WORK REQUEST: Your task is to write out every line of the data exactly. Drop the pictures.

GIVEN INFORMATION:
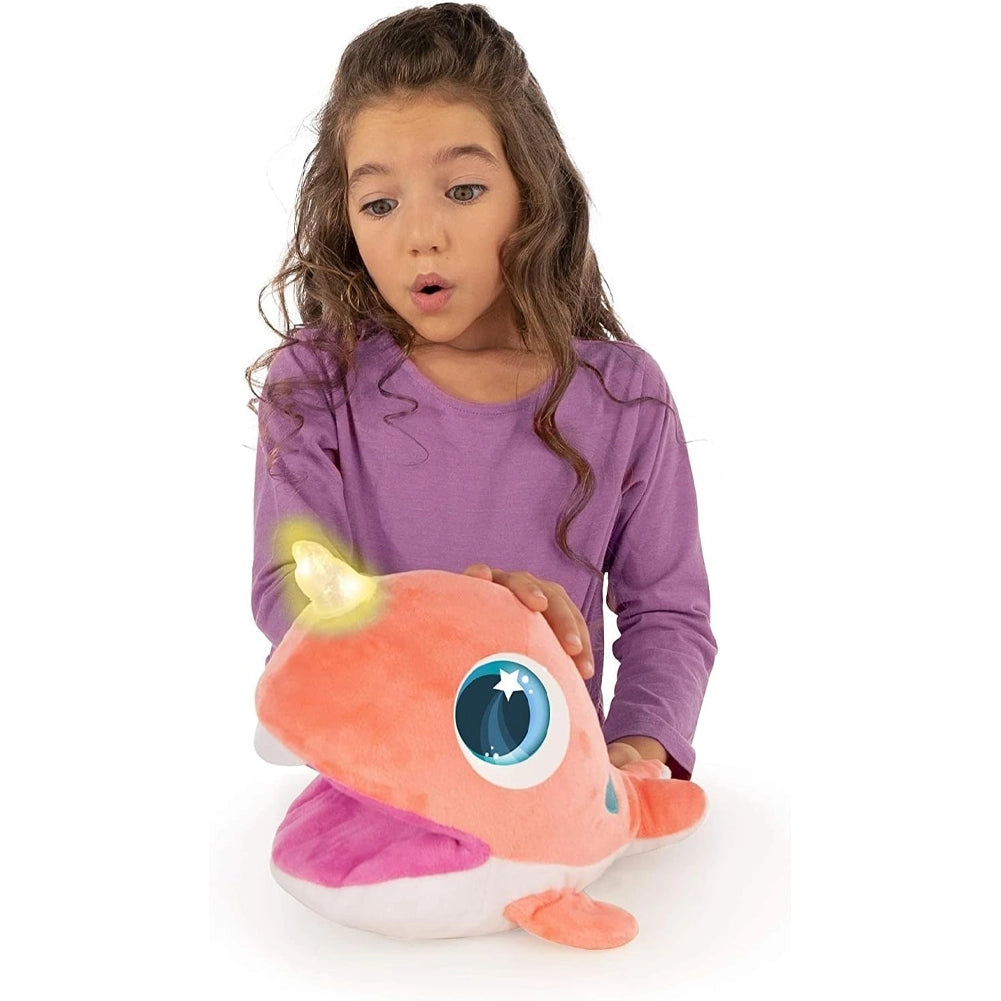 Club Petz Corally Cucciolo di Narvalo Peluche con Luci e Suoni Idea Regalo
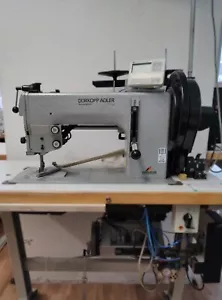 Dürkoppp Adler K204-990014-370 Dreifachtransport Industrienähmaschine - Bild 1 von 2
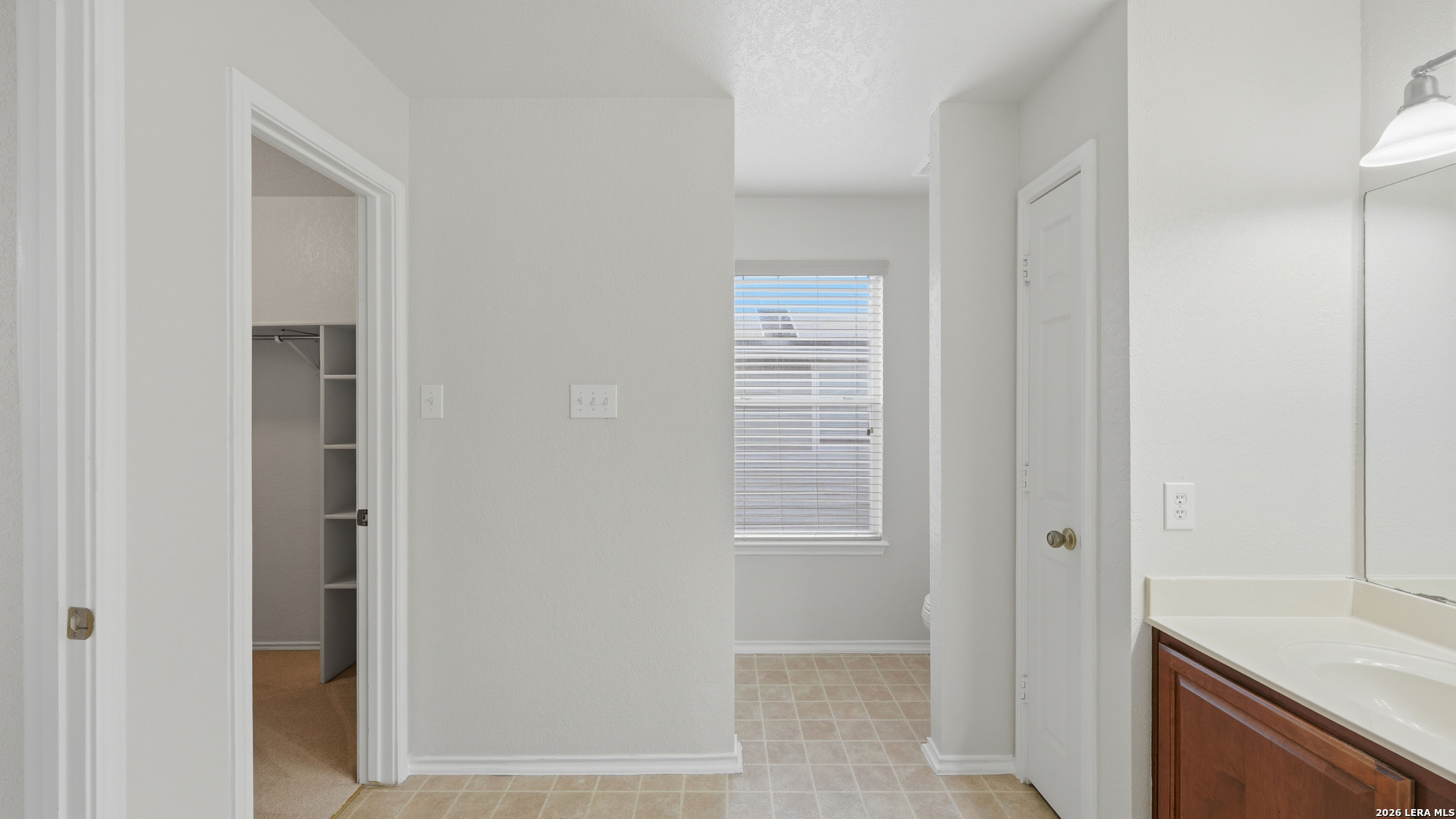 11004 Forest Pass Live Oak TX 78233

RESPONSE AREA:
 Club Petz Corally Cucciolo di Narvalo Peluche con Luci e Suoni Idea Regalo
 Dürkoppp Adler K204-990014-370 Dreifachtransport Industrienähmaschine - Bild 1 von 2
 11004 Forest Pass Live Oak TX 78233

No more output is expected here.